The IBLPlayer class also makes available to its subclasses a suitable value for prepopulated instances and the like for encouraging
exploration, _initial_payoff, based on these possible payoff values. In addition, the usual IBL parameters (noise, decay and blending temperature)
can also be modified simply by change parameters passed to the constructor.
The simplest IBL model, BasicIBLPlayer, simply bases its choice on the history of results from having made each move, with no concern for
the moves made in the preceding rounds. This can work against unsophisticated opponents, such as one that favors rock 60% of the time:
python rps_game.py ibl.BasicIBLPlayer "rand.RandomPlayer(bias=(0.6, 0.2))"
But this basic model is readily defeated by a more sophisticated opponent, such as one employing a win stay, lose shift strategy:
python rps_game.py ibl.BasicIBLPlayer "wsls.WinStayLoseShiftPlayer(upgrade=1)"
A smarter model can use a PyIBL attribute to base its move selection on the opponents previous move. This does better against the wind stay, stay loses shift opponent, above:
python rps_game.py ibl.ContextualIBLPlayer "wsls.WinStayLoseShiftPlayer(upgrade=1)"
But if the win stay, lose shift opponent randomly selects what it does on a loss, the ContextualIBLPlayer will fare poorly against it:
python rps_game.py ibl.ContextualIBLPlayer "wsls.WinStayLoseShiftPlayer(upgrade=0.5)"
To improve this IBL model further we want to have it capture not just the experience of what opponent moves most likely follow its own moves,
but how it responds to our moves. In a LagIBLModel we capture the results based on both players’ past moves.

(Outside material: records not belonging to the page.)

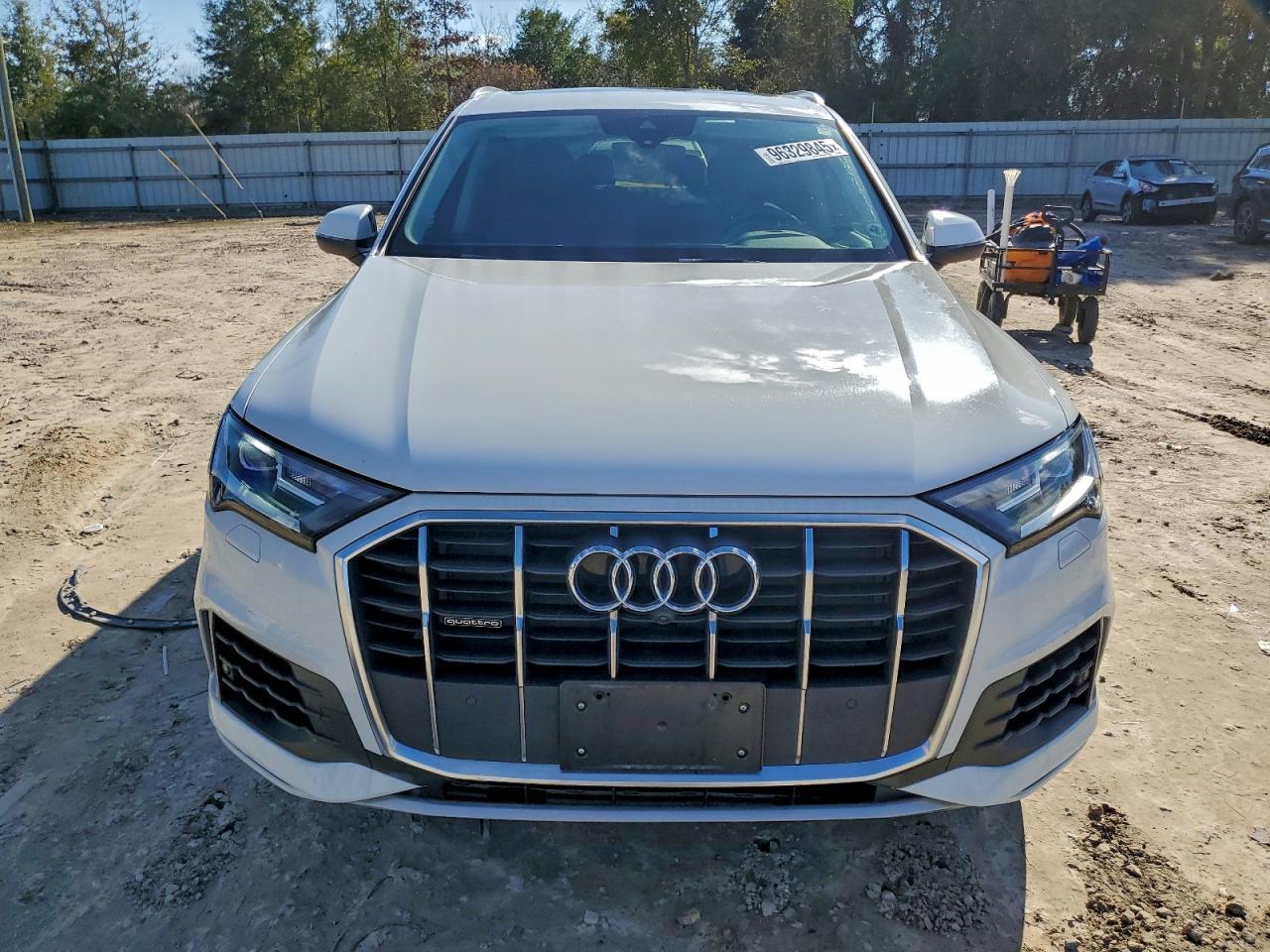 2020 AUDI Q7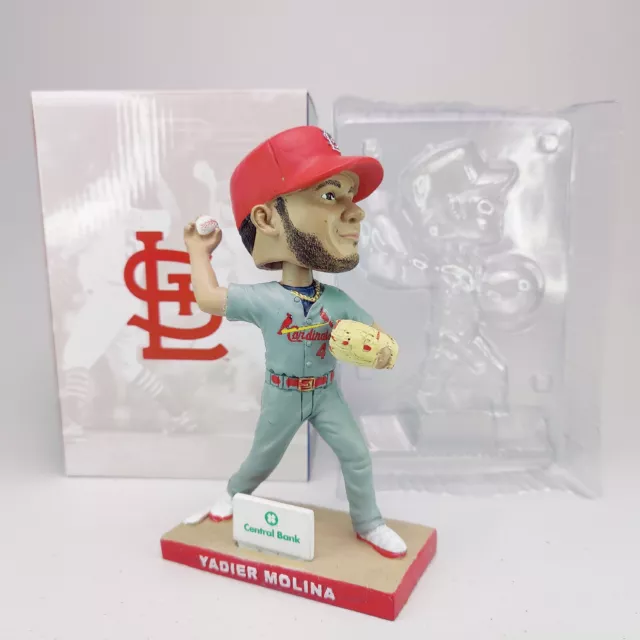 YADIER MOLINA St Louis Cardinals Mystery Pitching BOBBLEHEAD SGA NIB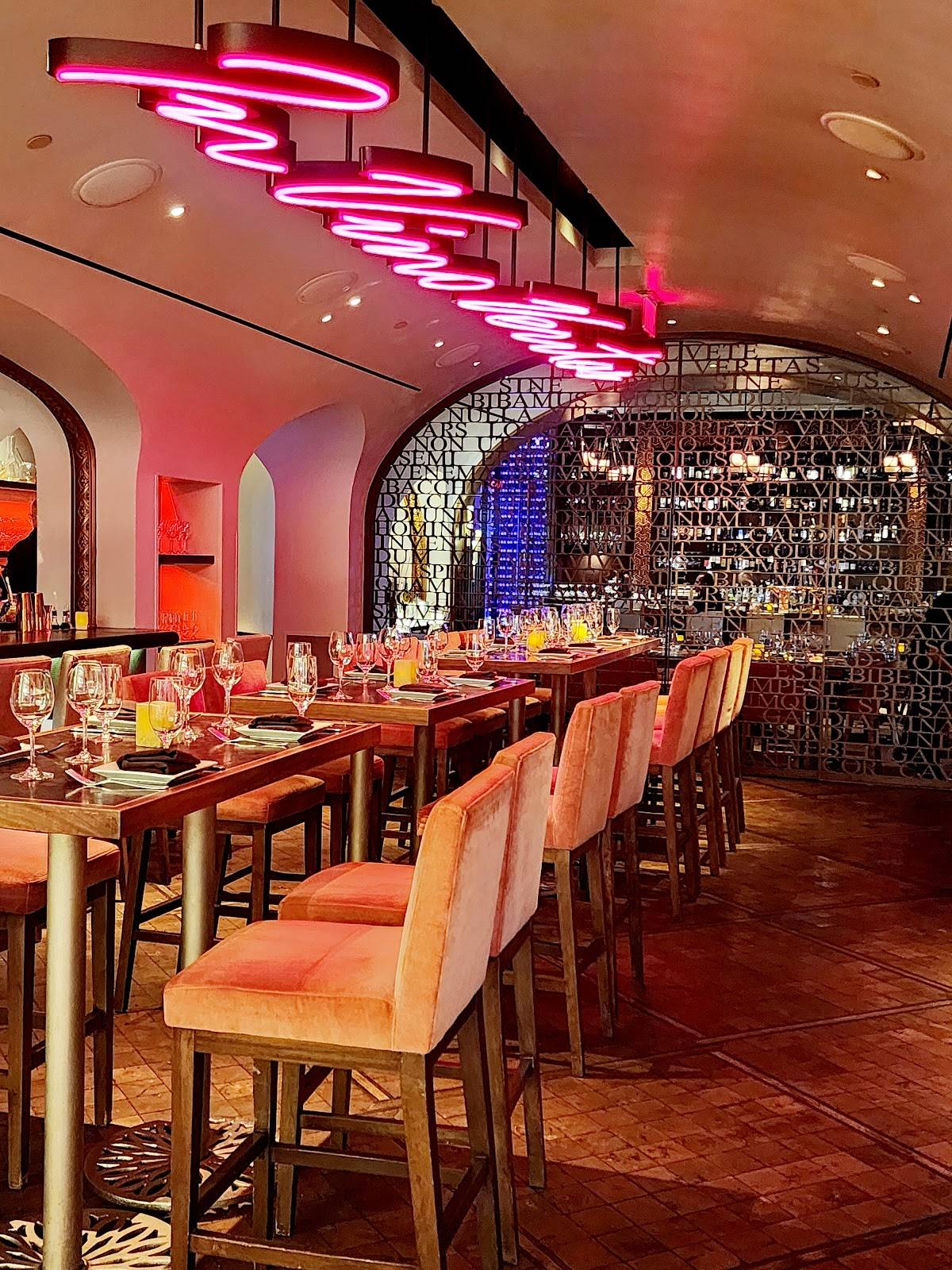 La Cave Wine and Food Hideaway restaurant in Las Vegas - photo 3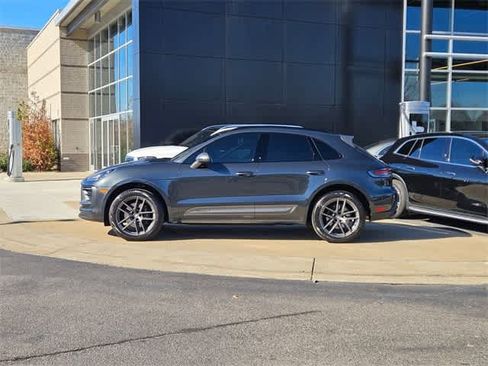 Used 2024 Porsche Macan image 6
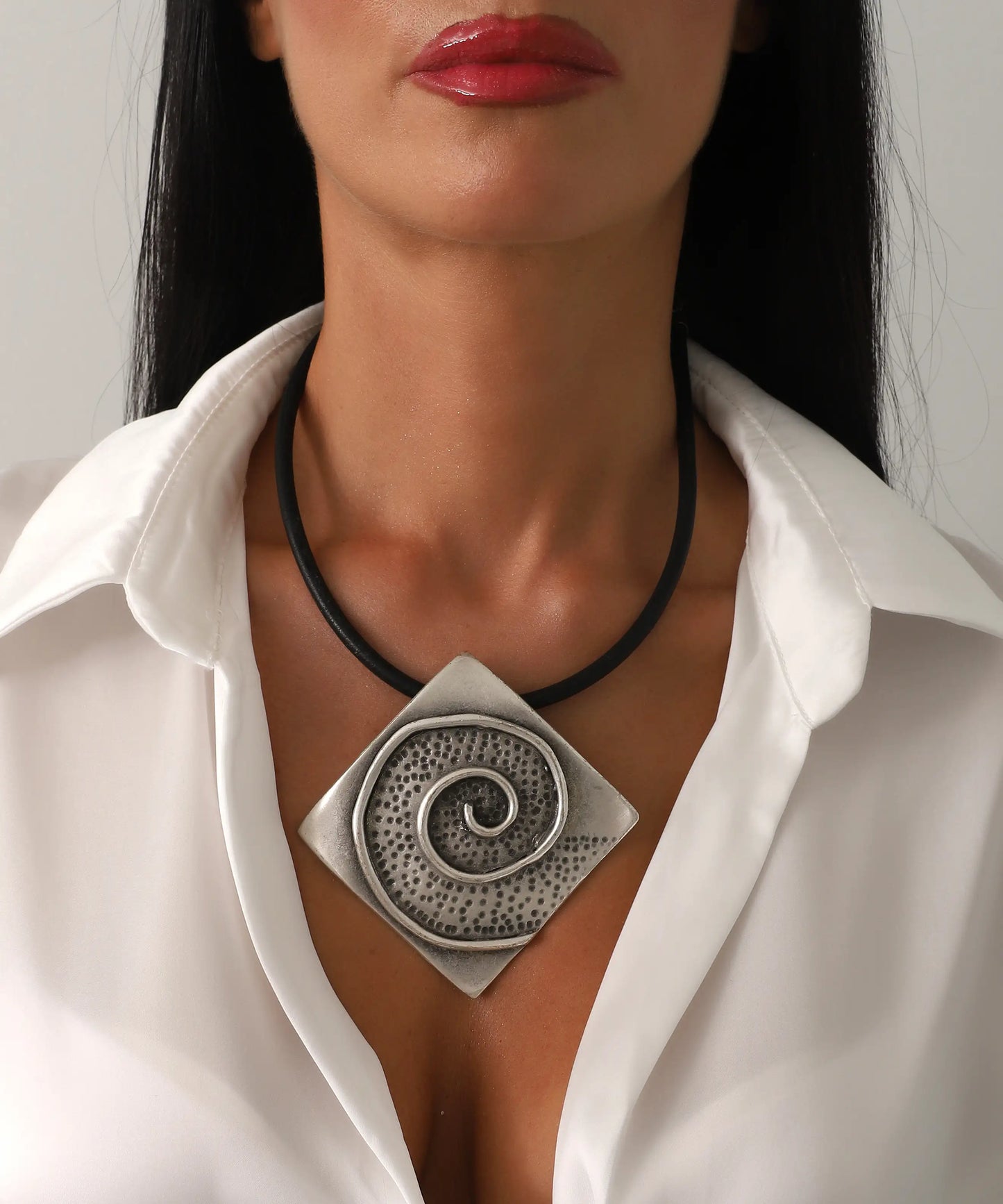 Sanatsal Tasarım Deri Detaylı Gümüş Kaplama Kolye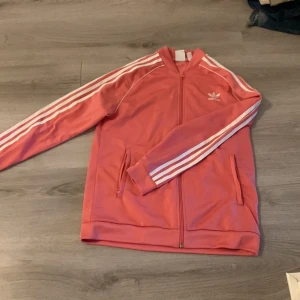 Addidaskofta - Barnstorlek 170  Sitter som M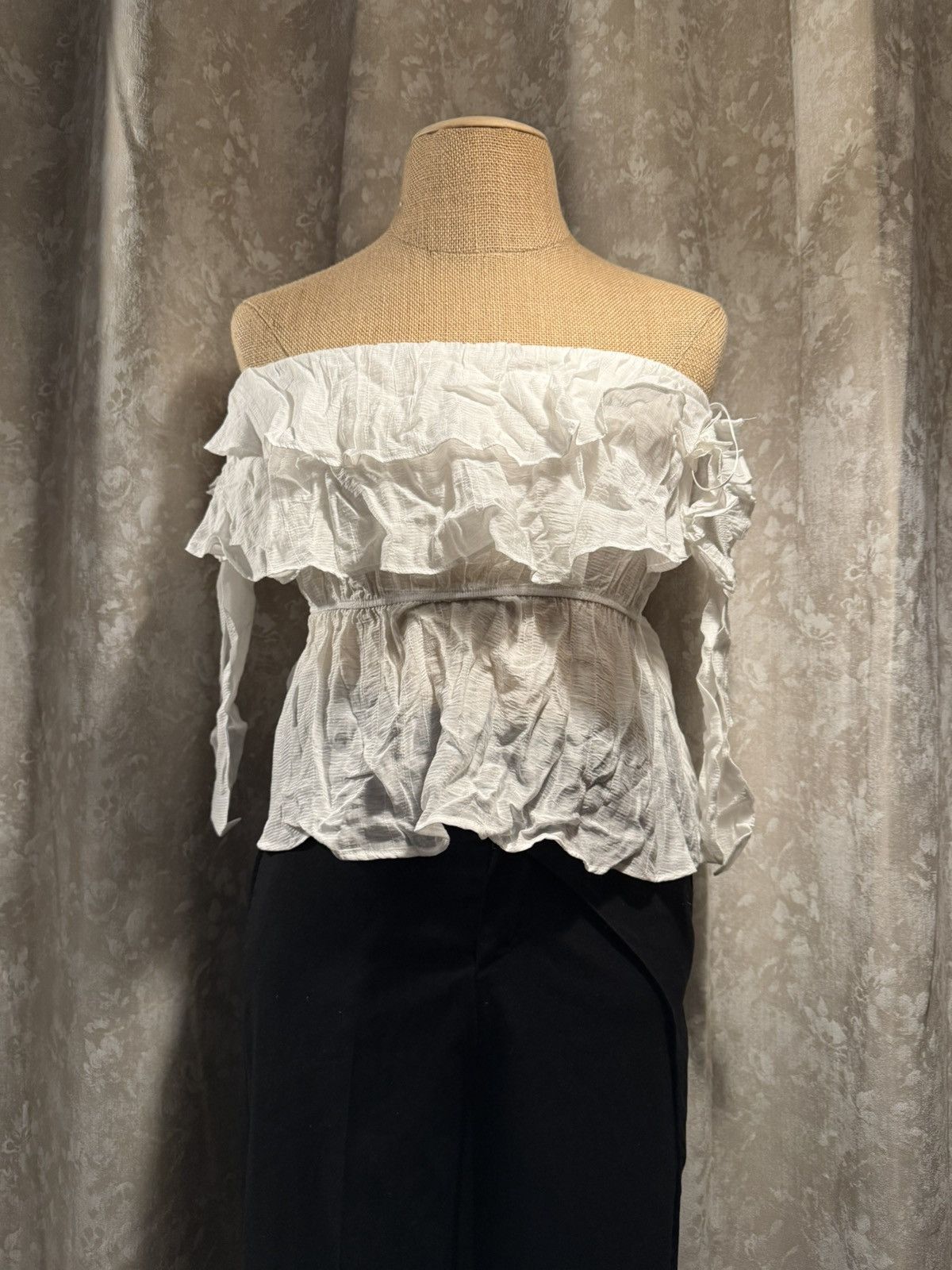 Other Romantic Off-Shoulder Ruffle Top – White | Boho Chic Size M / US 6-8 / IT 42-44 - 4 Thumbnail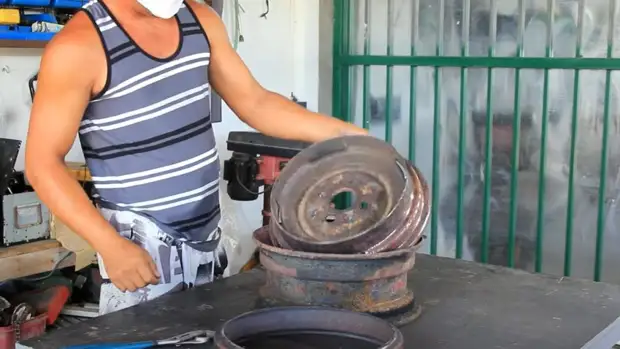 Поворотный сварочный стол из автомобильных дисков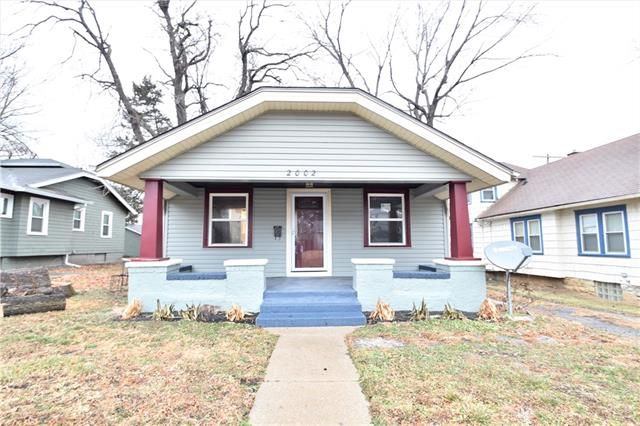 2002 E 69th St, Kansas City, MO 64132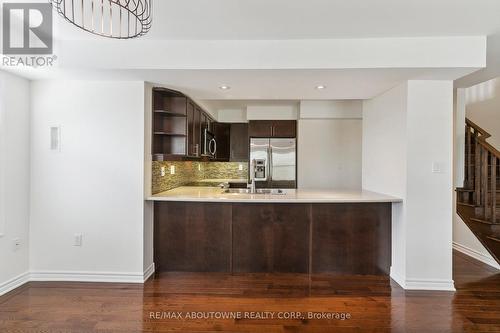 38 - 2614 Dashwood Drive, Oakville (West Oak Trails), ON - Indoor Photo Showing Kitchen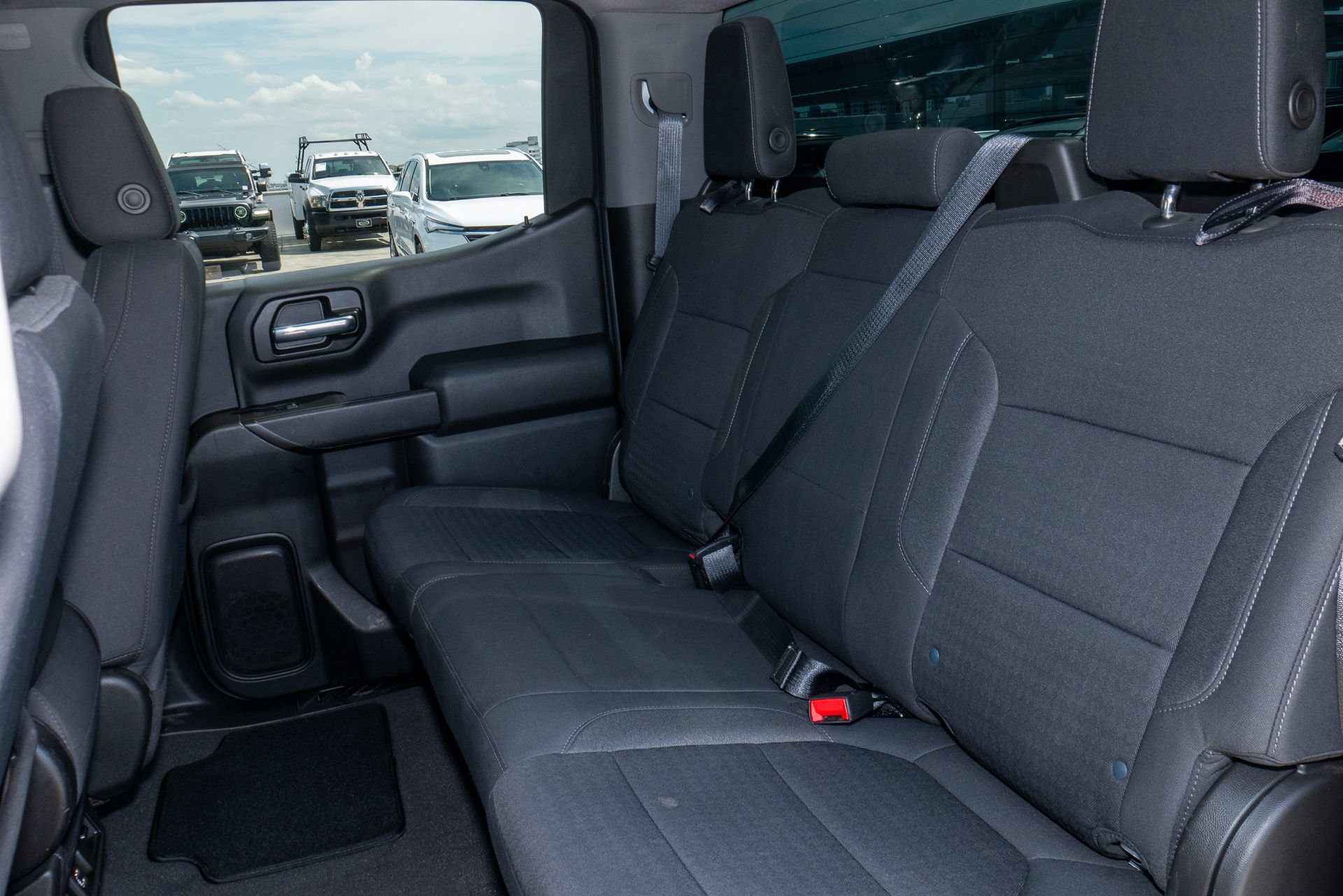 Used 2021 Chevrolet Silverado 1500 LT RWD image 18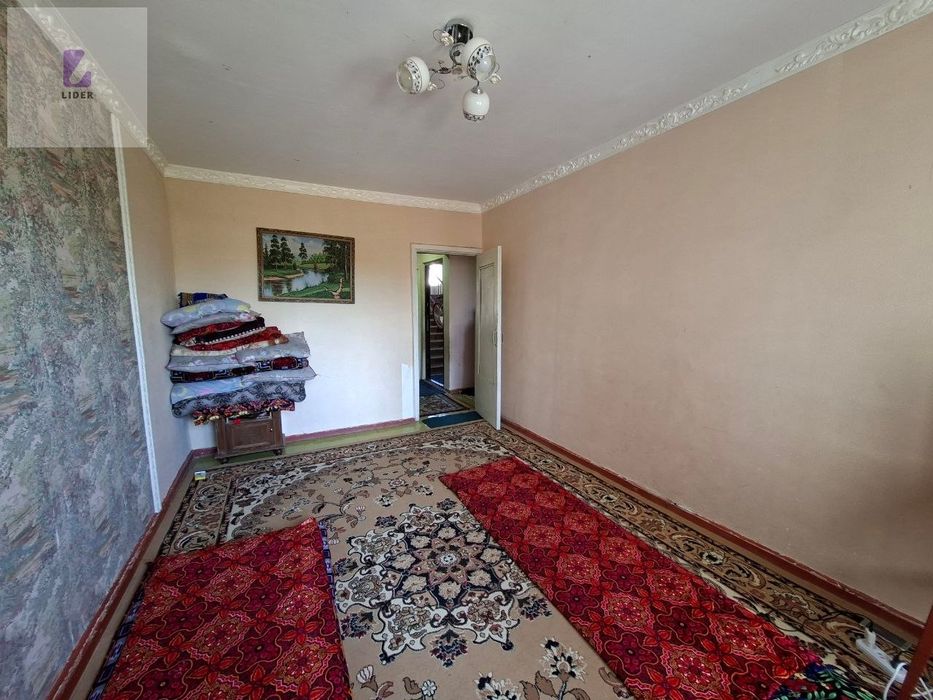 Продается 2х комнатная квартира. Саттепо. Базарчик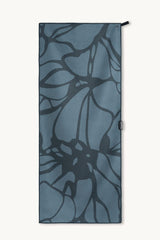 Midnight Bloom - Sporthandtuch mit Magnet & Zipper-Tasche - woodsandwaves.co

By default it only uses the immediately preceding moves of both players, but by setting the lag parameter this can be increased to
multiple past moves.
A full set of results for all pairs of possible moves is large, especially if we consider multiple past moves, we use partial matching
to treat unseen results as of some value, but not as much as one’s we’ve really seen. The similarly function, sim(), returns 0.5,
for attributes that do not match instances we’ve seen, allowing instances only some of whose attributes match to still contributed to
the blended value, albeit with less weight than those that have more matching attributes.
With a lag of only one, matching just the preceding moves of both places, this model handily dominates the win stay, lose shift strategy even with an evenly distributed random selection of upgrades/downgraes:
python rps_game.py ibl.LagIBLPlayer "wsls.WinStayLoseShiftPlayer(upgrade=0.5)"
Because most of these models, both the conventional ones and the IBL ones, have various parameters that can be modified it is easy to compare the results of a variety of differing strategies.